Les hauts fonctionnaires des affaires étrangères vont entrer dans un pot commun d’administrateurs de l’Etat, qui auront vocation à évoluer d’un ministère à un autre tout au long de leur carrière. Une mesure qui a suscité la colère des diplomates.
Le Monde avec AFP
C’est l’un des volets de la réforme de la haute fonction publique engagée par le gouvernement, voulue par Emmanuel Macron et programmée pour 2022. Un décret paru, lundi 18 avril, au Journal officiel acte la suppression du corps diplomatique, qui a donné des générations d’ambassadeurs à la France. Une mesure annoncée à la fin de l’année 2021, qui avait mis en effervescence le ministère des affaires étrangères, haut lieu d’ordinaire si feutré de la diplomatie française.

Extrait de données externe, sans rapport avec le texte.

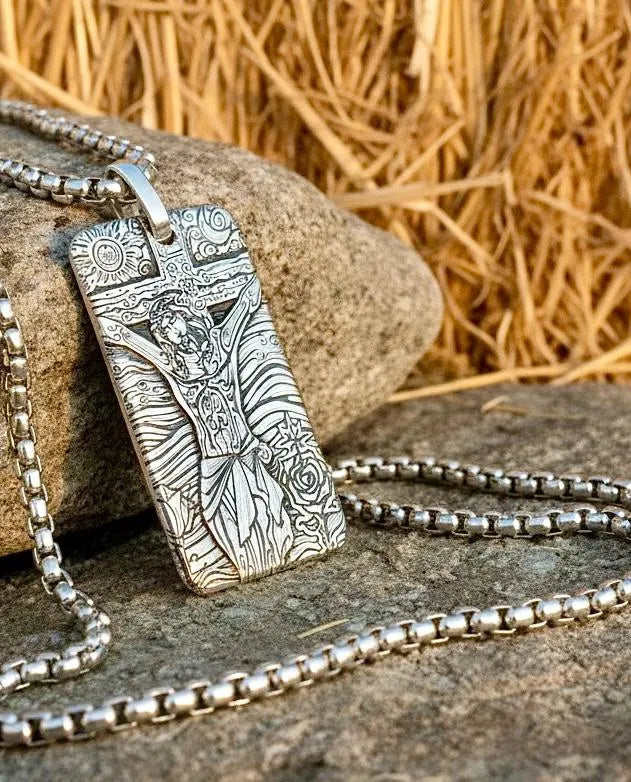 solid sterling silver engraved s999 dog tag jesus image crucifix cross necklace biker waterproof medallion mens christian jewelry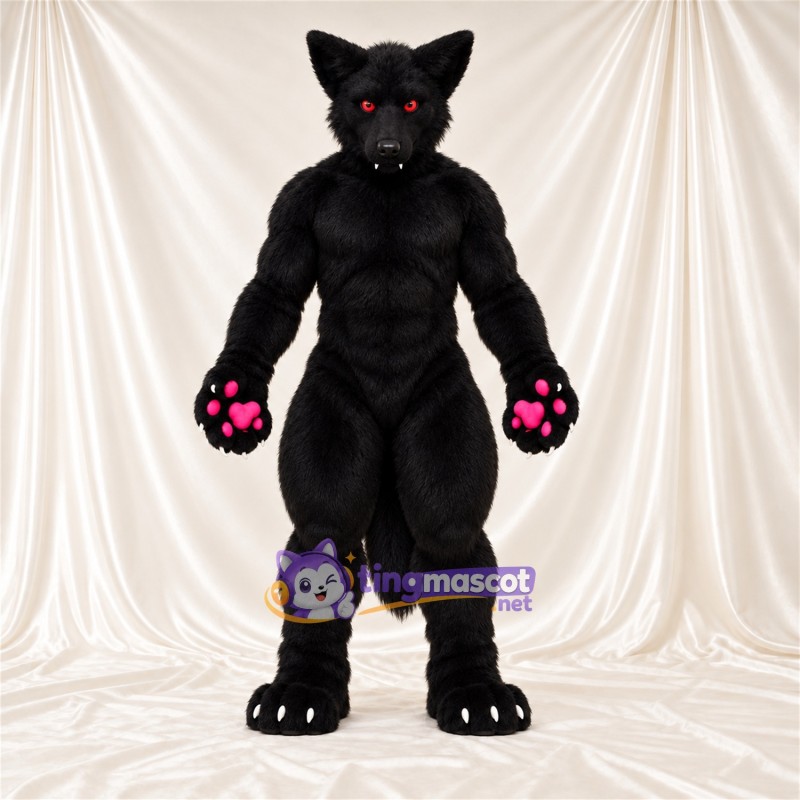 Costume de mascotte Loup – noir – Coussinets (rose); Yeux (rouge) Costume de mascotte Loup – noir – Coussinets (rose); Yeux (rouge)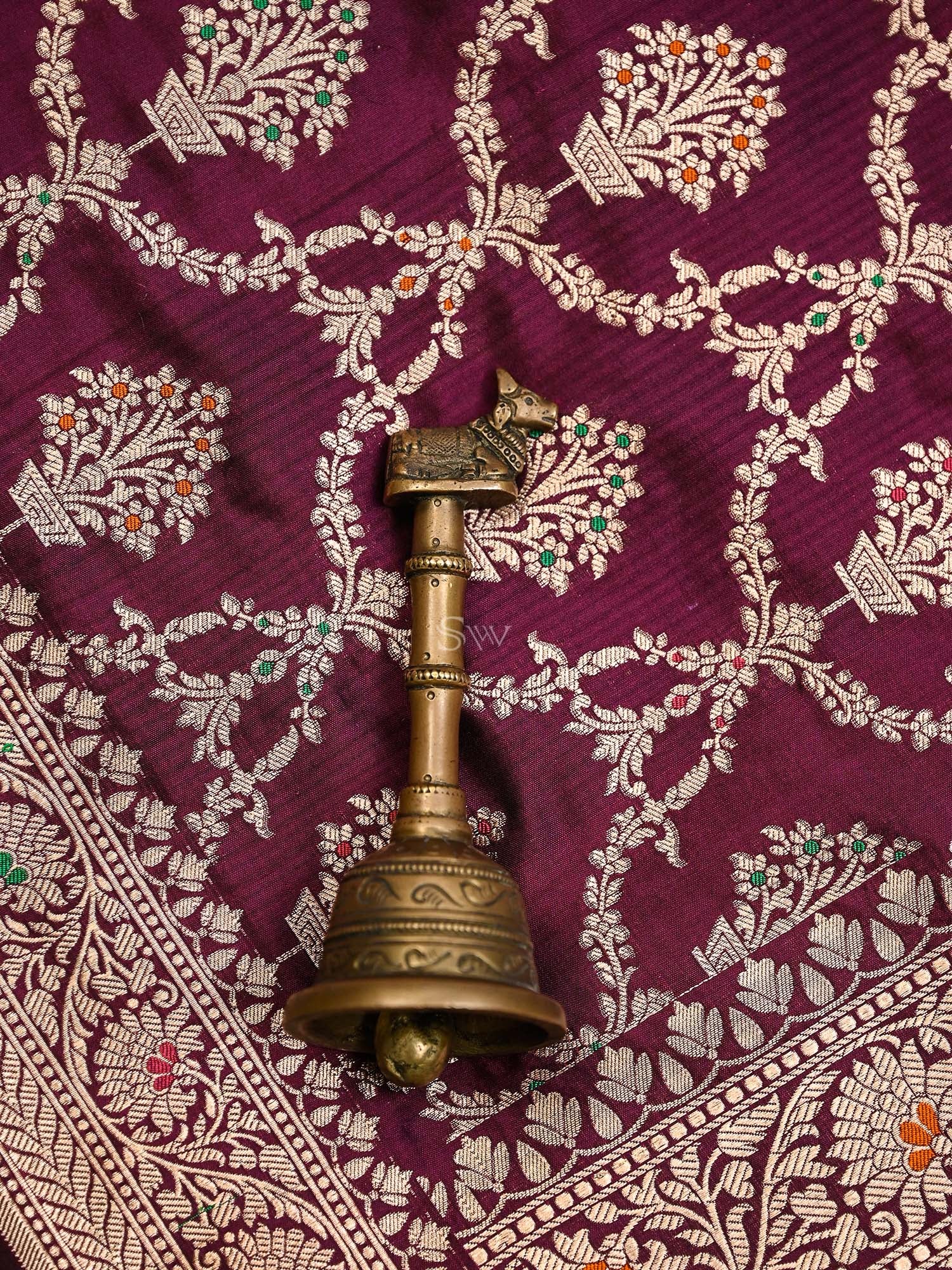 Wine Meenakari Jaal Katan Silk Handloom Banarasi Dupatta - Sacred Weaves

A six jours du second tour de l’élection présidentielle, cette suppression a été critiquée par l’opposition. Sur Twitter, Marine Le Pen et Jean-Luc Mélenchon, notamment, ont dénoncé l’officialisation de cette mesure. « A quelques jours de la fin de son mandat, Emmanuel Macron a publié le décret supprimant notre corps diplomatique. Il veut remplacer des serviteurs de l’Etat impartiaux par du copinage », a notamment déploré la candidate du Rassemblement national, qui promet, si elle est élue, de rétablir « un statut de diplomate fondé sur le mérite et l’intérêt national ».
Pour Jean-Luc Mélenchon, « la France voit détruire au bout de plusieurs siècles son réseau diplomatique. Le deuxième du monde. Les copains de promo vont pouvoir être nommés. Immense tristesse. » Le député LR Eric Ciotti souligne lui aussi « la fin d’une époque. Macron abat en ce jour, un nouveau pilier de notre Etat régalien ».
Au ministère des affaires étrangères, la fronde a commencé à monter courant octobre, quand le sujet s’est précisé. La mesure concerne en effet deux corps au cœur des rouages de la diplomatie française : celui des conseillers des affaires étrangères et celui des ministres plénipotentiaires, « mis en extinction » à partir de 2023. Ces hauts fonctionnaires auront alors vocation à rejoindre un nouveau « corps des administrateurs de l’Etat », où seront rassemblés les cadres jusqu’ici formés par l’Ecole nationale d’administration (ENA), elle-même remplacée par l’Institut national de la fonction publique depuis janvier 2022.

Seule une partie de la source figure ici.